• TASK OBJECTIVE
Output exactly, and only, the lines below from the one with "Adelyn Rae Red" down to the one with "MAAX 139587-810-305-000 Capella". Include both end lines and no pictures.

• DATA PROVIDED
• • • • •

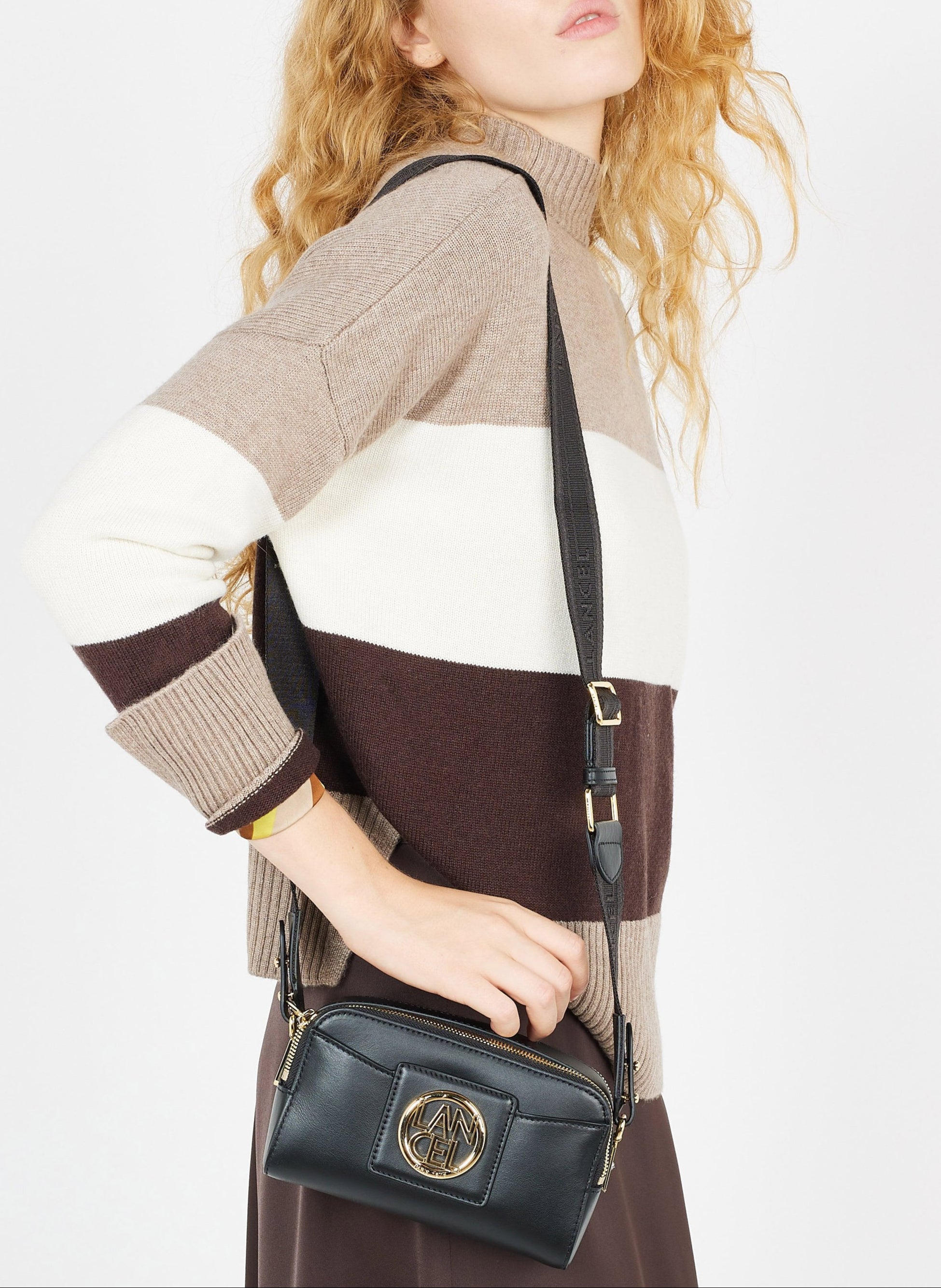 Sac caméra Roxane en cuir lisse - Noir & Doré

• • • • •

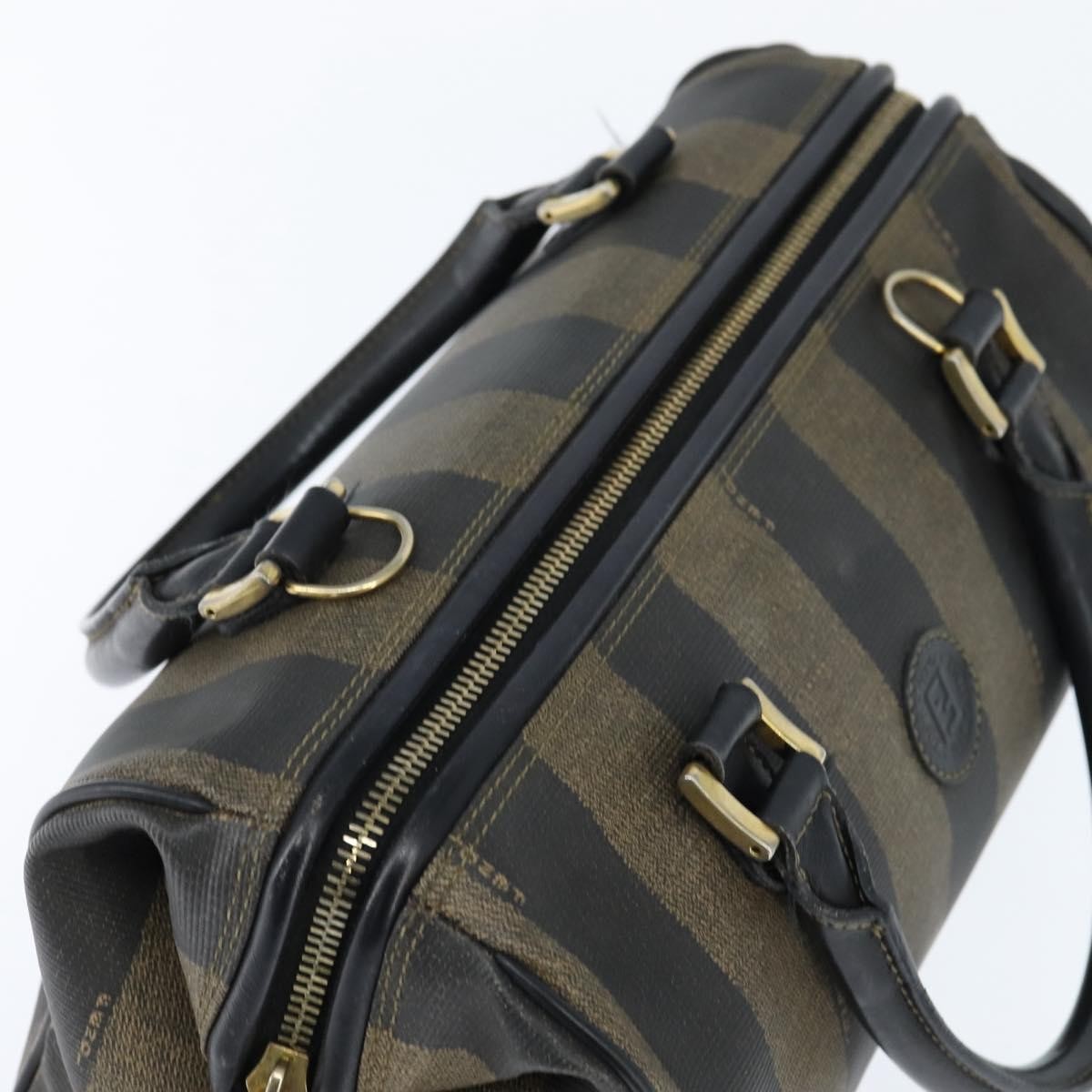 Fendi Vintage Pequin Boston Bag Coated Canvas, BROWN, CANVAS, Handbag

• • • • •

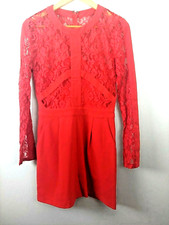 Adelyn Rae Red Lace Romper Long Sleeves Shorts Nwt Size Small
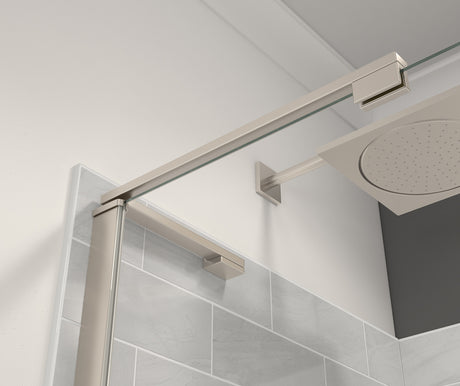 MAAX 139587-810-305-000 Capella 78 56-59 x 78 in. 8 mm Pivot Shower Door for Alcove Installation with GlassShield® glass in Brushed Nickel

• • • • •

• SOLUTION FOR THIS TASK
 Adelyn Rae Red Lace Romper Long Sleeves Shorts Nwt Size Small
 MAAX 139587-810-305-000 Capella 78 56-59 x 78 in. 8 mm Pivot Shower Door for Alcove Installation with GlassShield® glass in Brushed Nickel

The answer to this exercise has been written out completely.